ASTM Committee E15 on Industrial and Specialty Chemicals has recently focused on the analysis of glycols, with standards under development and tests recently published. Of particular importance in the area of industrial chemicals is monoethylene glycol (MEG), which is used in numerous industrial applications and serves as a chemical intermediate in the manufacture of polyester fibers, plastics, automobile coolants and resins. One standard under development covers glycol impurities. Participation is requested for an interlaboratory study on this draft as well as for the revision of a second standard. In addition, two standards recently published by E15 address ultraviolet transmittance and aldehydes, which are critical product quality parameters in many applications involving glycols.

WK1069, Draft Test Method for Glycol Impurities in Mono-, Di- and Triethylene Glycol (Gas Chromatographic Method) takes advantage of the different boiling points among the small amounts of diethylene glycol and even triethylene glycol that are co-produced with MEG in the manufacturing process. These co-products are separated by distillation, but small amounts can be found in the preferred MEG product. The method separates these materials and allows detection of the individual compounds, which can affect performance or upset the end user’s process. Interested stakeholders are requested to participate in an interlaboratory study for this method. When completed, this method should replace E 611 mentioned below.

Recently completed WK1480 was an action to reinstate the previously withdrawn standard E 611, Test Method for Low Concentrations of Diethylene Glycol in Ethylene Glycol by Gas Chromatography, with revisions to the precision and bias statements. The impurities in the glycols method, WK1069 above should supersede this method when approved.

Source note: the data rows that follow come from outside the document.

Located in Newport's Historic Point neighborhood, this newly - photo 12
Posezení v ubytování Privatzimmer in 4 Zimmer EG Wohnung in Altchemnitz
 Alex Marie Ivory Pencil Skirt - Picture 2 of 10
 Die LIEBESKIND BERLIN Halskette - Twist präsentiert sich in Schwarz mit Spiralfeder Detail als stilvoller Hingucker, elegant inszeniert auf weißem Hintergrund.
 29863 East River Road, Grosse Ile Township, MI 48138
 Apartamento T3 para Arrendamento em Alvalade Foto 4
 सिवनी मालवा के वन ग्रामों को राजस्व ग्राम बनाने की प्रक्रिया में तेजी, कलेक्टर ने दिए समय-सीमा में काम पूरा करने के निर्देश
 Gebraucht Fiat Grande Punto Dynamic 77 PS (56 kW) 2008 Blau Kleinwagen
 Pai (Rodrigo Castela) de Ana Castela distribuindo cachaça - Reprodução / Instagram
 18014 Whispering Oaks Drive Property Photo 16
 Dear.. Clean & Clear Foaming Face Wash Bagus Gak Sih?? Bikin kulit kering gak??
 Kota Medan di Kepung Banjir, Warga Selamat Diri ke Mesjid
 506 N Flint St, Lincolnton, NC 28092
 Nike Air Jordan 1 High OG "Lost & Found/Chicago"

E 202, Test Methods for the Analysis of Ethylene Glycols and Propylene Glycols, covers the chemical and physical analysis of the commonly available grades of ethylene glycol, diethylene glycol, triethylene glycol, propylene glycol and dipropylene glycol. Analyses included are purity of reagents, specific gravity, distillation range, acidity, water, iron, color and gas chromatographic analysis. The standard is currently being reviewed and updated primarily to incorporate the technology now being used in the industry and to remove outdated techniques. Participation is sought for interlaboratory studies to work on the precision and bias statements for this method.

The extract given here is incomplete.